*** Data supplied ***

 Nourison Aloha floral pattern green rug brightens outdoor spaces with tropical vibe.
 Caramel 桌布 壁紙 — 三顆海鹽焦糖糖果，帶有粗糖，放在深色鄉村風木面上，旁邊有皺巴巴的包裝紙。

*** End of Data supplied ***
*** Data supplied ***

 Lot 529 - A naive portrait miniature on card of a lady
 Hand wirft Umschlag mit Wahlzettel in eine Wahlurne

*** End of Data supplied ***
*** Data supplied ***

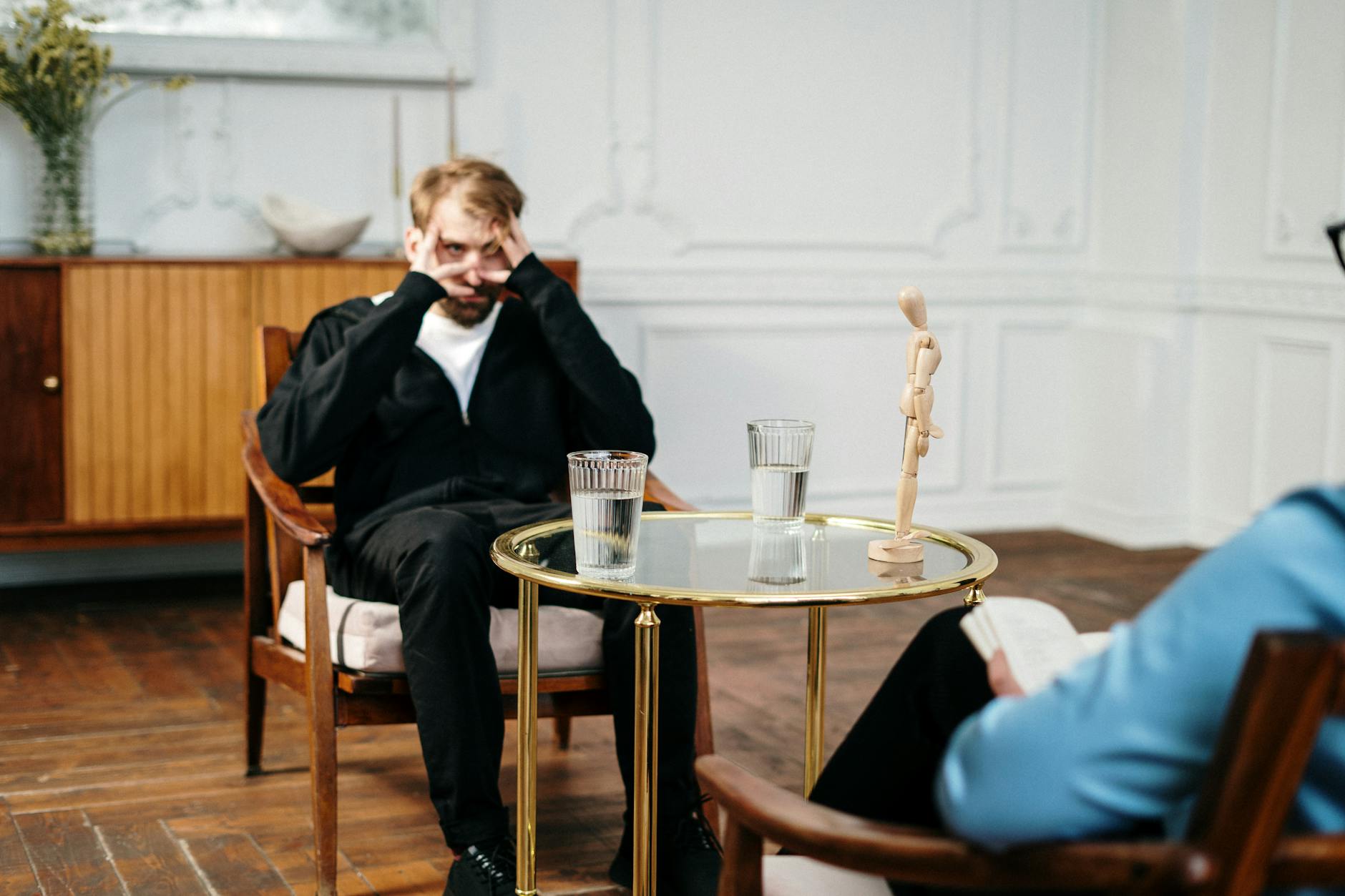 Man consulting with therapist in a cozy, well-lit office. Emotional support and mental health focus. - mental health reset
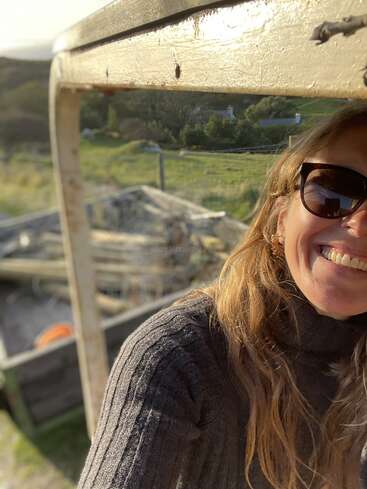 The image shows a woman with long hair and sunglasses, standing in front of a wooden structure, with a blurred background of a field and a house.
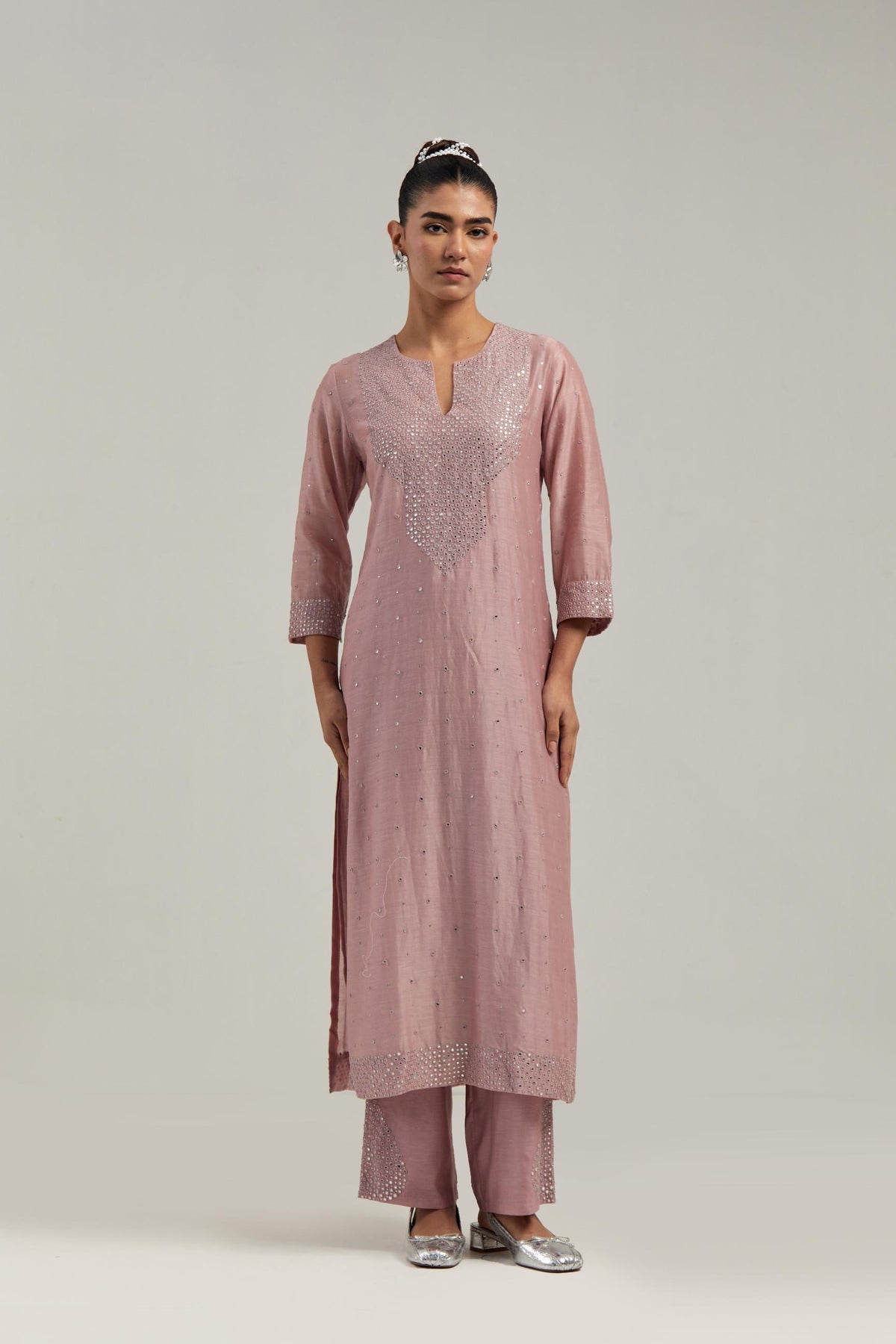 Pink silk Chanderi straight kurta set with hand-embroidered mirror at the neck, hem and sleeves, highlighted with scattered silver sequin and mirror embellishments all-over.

*** End of Data supplied ***

**Exercise**
One stretch of the lines above is wanted, from the line that contains "Nourison Aloha floral" through the line that contains "Caramel 桌布 壁紙". Output it exactly.

**Answer to this exercise**
 Nourison Aloha floral pattern green rug brightens outdoor spaces with tropical vibe.
 Caramel 桌布 壁紙 — 三顆海鹽焦糖糖果，帶有粗糖，放在深色鄉村風木面上，旁邊有皺巴巴的包裝紙。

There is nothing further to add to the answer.